The Friday before the incident, Unicoi County Middle School received a visit from the Tennessee Department of Health, which inspects each school twice a year. Unicoi County Middle School was awarded a health score of 98, losing two points due to the location where a spray nozzle on the hose of the dishwasher was stored.
“We feel like that speaks to the quality of our food service, not these isolated incidents,” said English. “I don’t think it was negligence at all on the food workers part.”
English added that to his knowledge only a very small number of muffins were affected, and the schools are still finding ways to combat potential issues with food distributors, such as carefully inspecting each food item.
“We had 453 kids we fed that morning,” said Maggie Fair, food service supervisor for Unicoi County Schools. “The only ones we got back were from seventh grade, so evidently it was just one case.”
As two cafeteria workers served the students, Fair said the mold could have easily gone undetected, not only due to the large volume of students being served, but also because the muffins were chocolate chip muffins that possibly didn’t show the discoloration very distinctly.
According to Fair, 75 percent of the food served at Unicoi County schools comes from a vendor or distributor and 25 percent is cooked in-house.
“We probably have one or two menu items a week that we make like tacos, spaghetti or chicken casserole … so there’s really not a lot,” Fair said. “Most of it is just we heat and serve. We work really hard and we put out close to 1,000 meals a day at the middle school between breakfast and lunch.”
Since the incident occurred, Fair has met with all cafeteria managers to reiterate the importance of trying to thoroughly inspect any food supplied by vendors in the future.

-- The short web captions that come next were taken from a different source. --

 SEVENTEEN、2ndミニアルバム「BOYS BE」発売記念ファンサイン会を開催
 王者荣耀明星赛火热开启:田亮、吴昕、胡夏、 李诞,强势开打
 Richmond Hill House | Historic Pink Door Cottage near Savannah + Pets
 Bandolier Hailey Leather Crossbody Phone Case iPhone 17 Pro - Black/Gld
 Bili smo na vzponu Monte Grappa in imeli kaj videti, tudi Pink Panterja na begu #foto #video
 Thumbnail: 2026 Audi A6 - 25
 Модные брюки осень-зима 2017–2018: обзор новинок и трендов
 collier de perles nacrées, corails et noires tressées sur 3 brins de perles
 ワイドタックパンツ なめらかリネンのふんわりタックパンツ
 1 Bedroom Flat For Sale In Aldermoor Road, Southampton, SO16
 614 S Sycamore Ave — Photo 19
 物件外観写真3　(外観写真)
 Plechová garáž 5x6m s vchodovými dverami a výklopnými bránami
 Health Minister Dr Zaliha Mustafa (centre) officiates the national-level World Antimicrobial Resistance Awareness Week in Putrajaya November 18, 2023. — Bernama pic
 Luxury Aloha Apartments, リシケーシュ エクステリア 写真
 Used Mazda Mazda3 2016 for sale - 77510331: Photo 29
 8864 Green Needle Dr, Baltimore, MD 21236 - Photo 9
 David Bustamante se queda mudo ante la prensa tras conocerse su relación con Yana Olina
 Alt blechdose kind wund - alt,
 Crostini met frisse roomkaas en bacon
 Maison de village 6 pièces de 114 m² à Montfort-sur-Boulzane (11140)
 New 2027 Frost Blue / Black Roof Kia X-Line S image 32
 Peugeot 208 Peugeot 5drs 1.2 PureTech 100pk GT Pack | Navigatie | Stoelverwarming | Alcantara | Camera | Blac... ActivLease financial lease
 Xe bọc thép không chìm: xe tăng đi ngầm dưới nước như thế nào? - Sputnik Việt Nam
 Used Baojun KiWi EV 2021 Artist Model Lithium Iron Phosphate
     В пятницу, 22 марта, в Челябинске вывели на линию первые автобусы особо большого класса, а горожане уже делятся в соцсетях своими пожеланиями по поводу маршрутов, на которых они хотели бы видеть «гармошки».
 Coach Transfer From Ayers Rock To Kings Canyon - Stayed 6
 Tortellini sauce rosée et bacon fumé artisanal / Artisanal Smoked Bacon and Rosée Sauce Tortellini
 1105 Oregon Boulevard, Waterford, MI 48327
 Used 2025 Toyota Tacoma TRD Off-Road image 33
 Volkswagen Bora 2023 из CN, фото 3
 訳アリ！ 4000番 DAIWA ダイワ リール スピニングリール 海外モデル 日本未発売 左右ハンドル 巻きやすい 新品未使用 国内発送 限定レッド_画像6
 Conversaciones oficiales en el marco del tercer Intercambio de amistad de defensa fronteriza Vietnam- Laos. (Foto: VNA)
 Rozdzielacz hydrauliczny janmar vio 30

She said from now on workers are now snapshotting and filing expiration dates of all pre-packaged food items.
“As difficult as it may be, we’re looking at trying to make sure we have some kind of look at all pre-packaged items we serve,” said English.
The Sky Blue company has reportedly apologized and reimbursed the school system for the muffins because the package indicated they were well within the expiration date.
“We’re getting financial credit back for the product, but the damage has still been done,” said Fair.
Sky Blue is one of several distributors used by the Unicoi County School System, which is in a buying group with 14 other counties in East Tennessee, all of which supply their school cafeterias with food from the same vendors.
“It’s not just our system,” Fair said. “We have to go by bids and they have to meet special specifications. We also have to meet guidelines, for instance, all of our grains have to be 50 percent whole grain.”
Based on state and federal regulations, the schools are required to meet specific standards for the amount of fruit, vegetables, legumes, grains, starches, milk and meat served for each student. For example, for grades sixth through eighth, students must be served at least five cups of fruit during breakfast throughout the week and almost four cups of vegetables during lunch throughout the week.
Aside from the recent 98 health score rating for the middle school, Unicoi County High School received a 99 health score in February, Temple Hill Elementary School received a 100 in March, Rock Creek Elementary School received a 100 in March, Love Chapel Elementary School received a 100 last September and Unicoi Elementary School received a 100 last August.
“I would put my kitchens up against any restaurant in the Tri-Cities,” said Fair.